El segundo revés fue aún más contundente: el Congreso anuló el veto presidencial a la llamada “Ley de Dosimetría”, con amplias mayorías en ambas cámaras. La norma reduce las penas para los condenados por los hechos del 8 de enero de 2023 y podría beneficiar directamente al expresidente Jair Bolsonaro, cuya condena podría verse significativamente acortada.
Para el analista Creomar de Souza, el problema del gobierno va más allá de errores tácticos: responde a una falla estructural en la estrategia política. Según explicó, el oficialismo dejó avanzar iniciativas que podría haber frenado en comisión, buscando capital político con un veto posterior que finalmente fue revertido por el propio Congreso.
Este escenario político se combina con un contexto económico complejo. El Banco Central elevó la tasa Selic al 14,5% anual ante el riesgo de una mayor inflación, mientras que el endeudamiento de las familias alcanzó niveles récord.
En paralelo, el tablero electoral se muestra cada vez más competitivo. Encuestas recientes indican un empate técnico entre Lula y el senador Flávio Bolsonaro, lo que refuerza la idea de un escenario abierto de cara a los comicios.
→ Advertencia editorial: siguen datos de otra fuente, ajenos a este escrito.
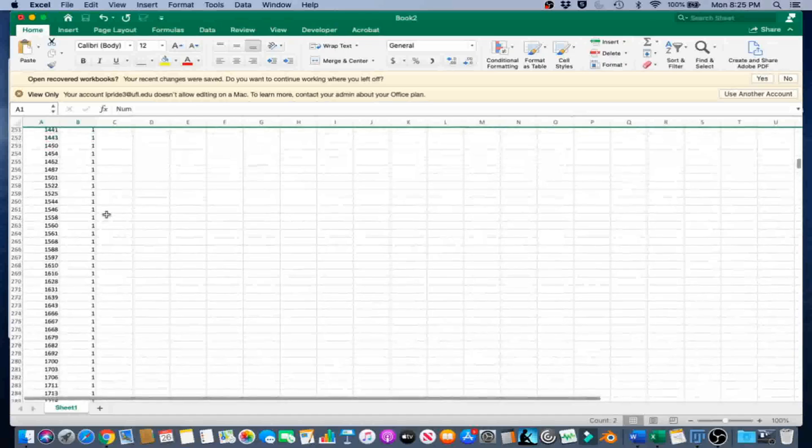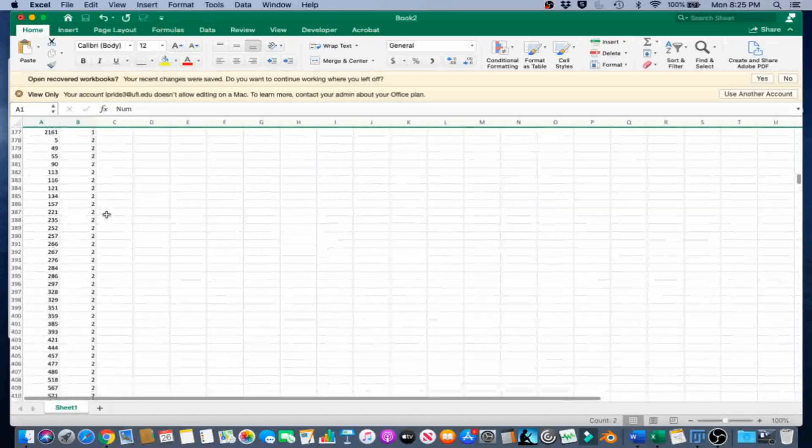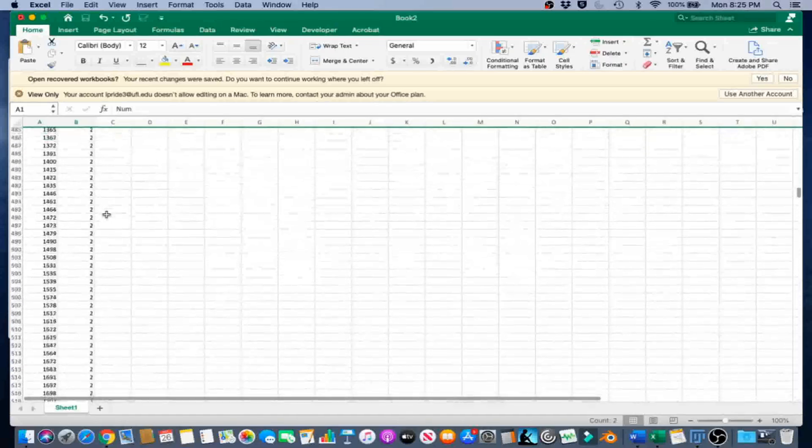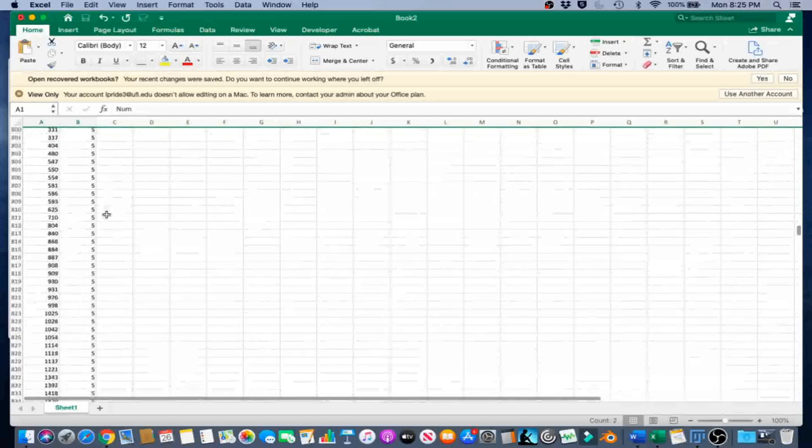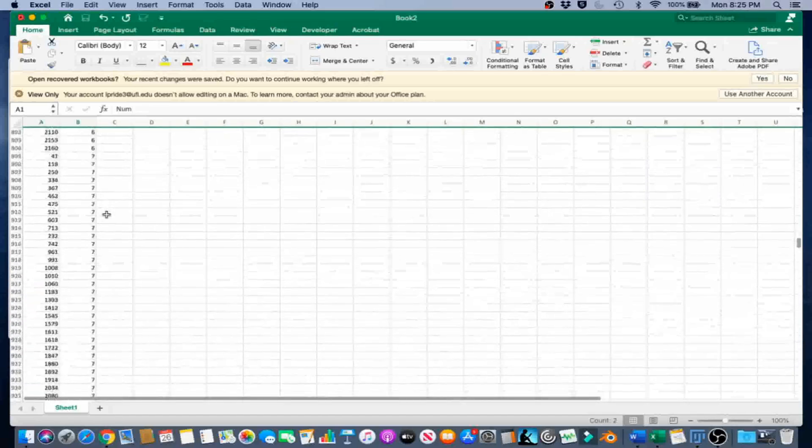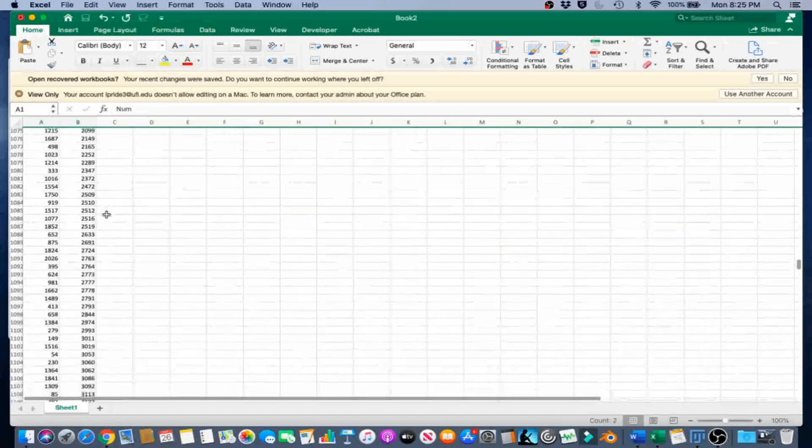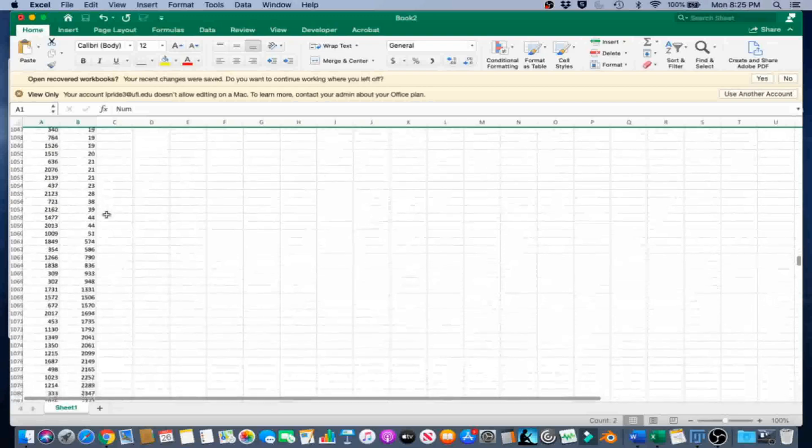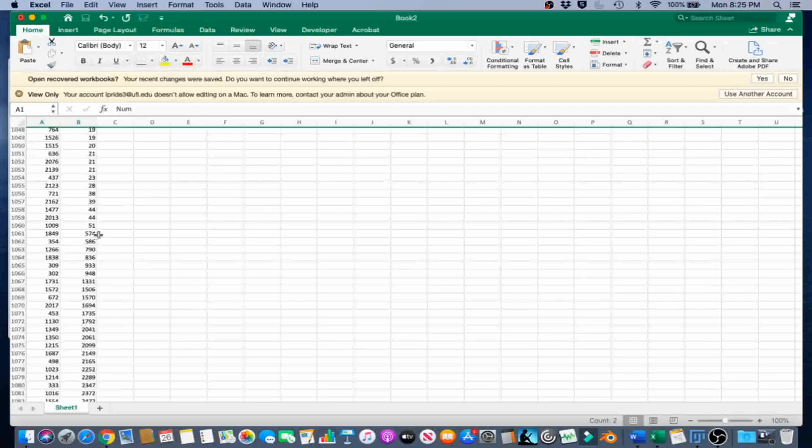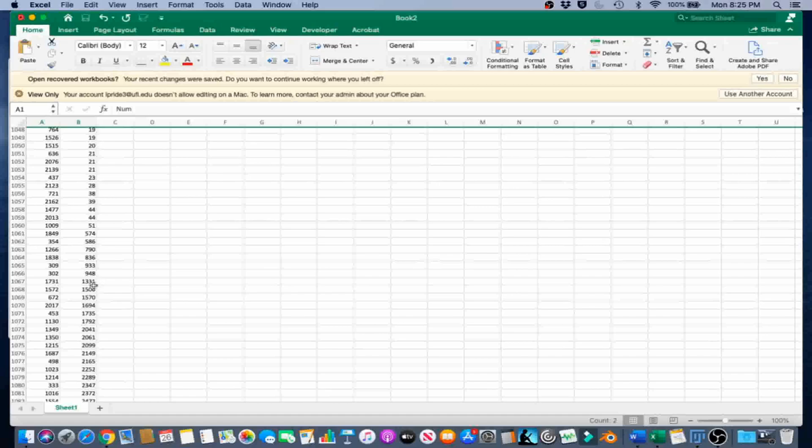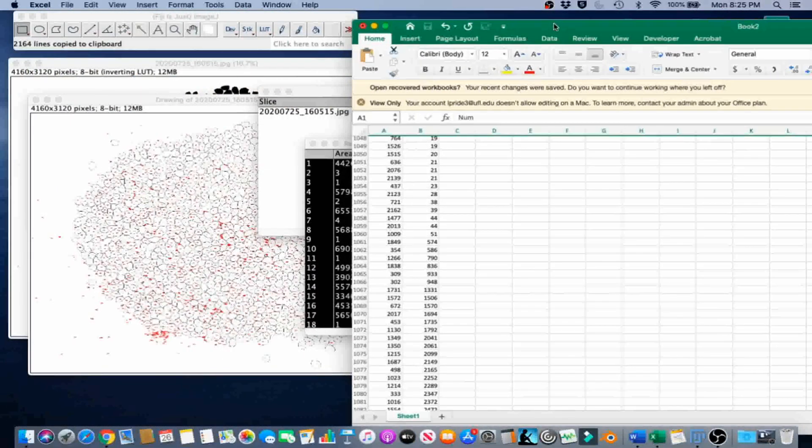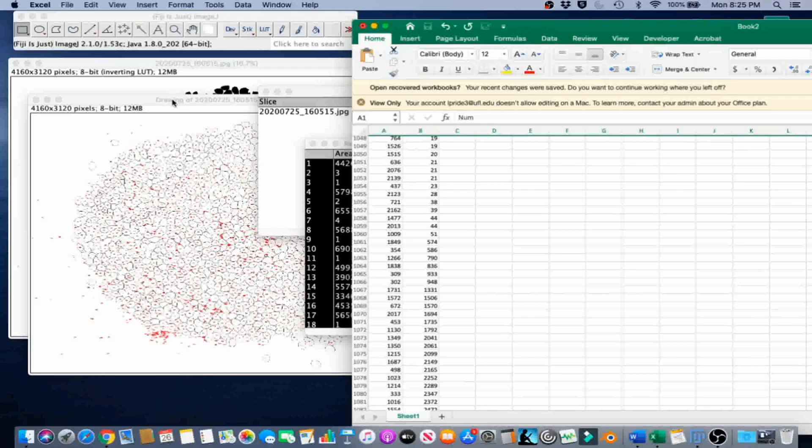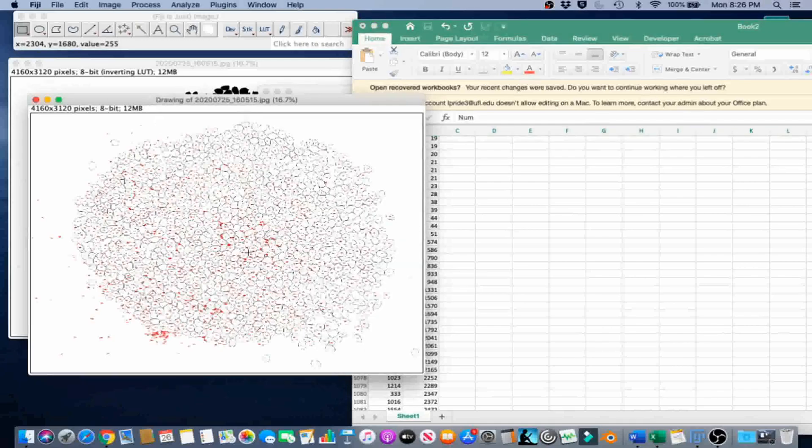So you have a lot of 1, 2, 3 pixel stuff, and it starts to climb. Then right here we see it makes a jump from 50 to 574, and then again from 948 to 1331. We're going to check out the area 1331. We're going to look for number 1731 in order to do that.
Frente a este panorama, el presidente intentó recuperar la iniciativa con un mensaje por el Día del Trabajador, en el que anunció medidas de alivio económico y apuntó contra las élites. Sin embargo, el desafío es mayor: un Congreso más autónomo, aliados menos disciplinados y una economía bajo presión configuran un contexto en el que la capacidad de reacción del gobierno será puesta a prueba en los próximos meses.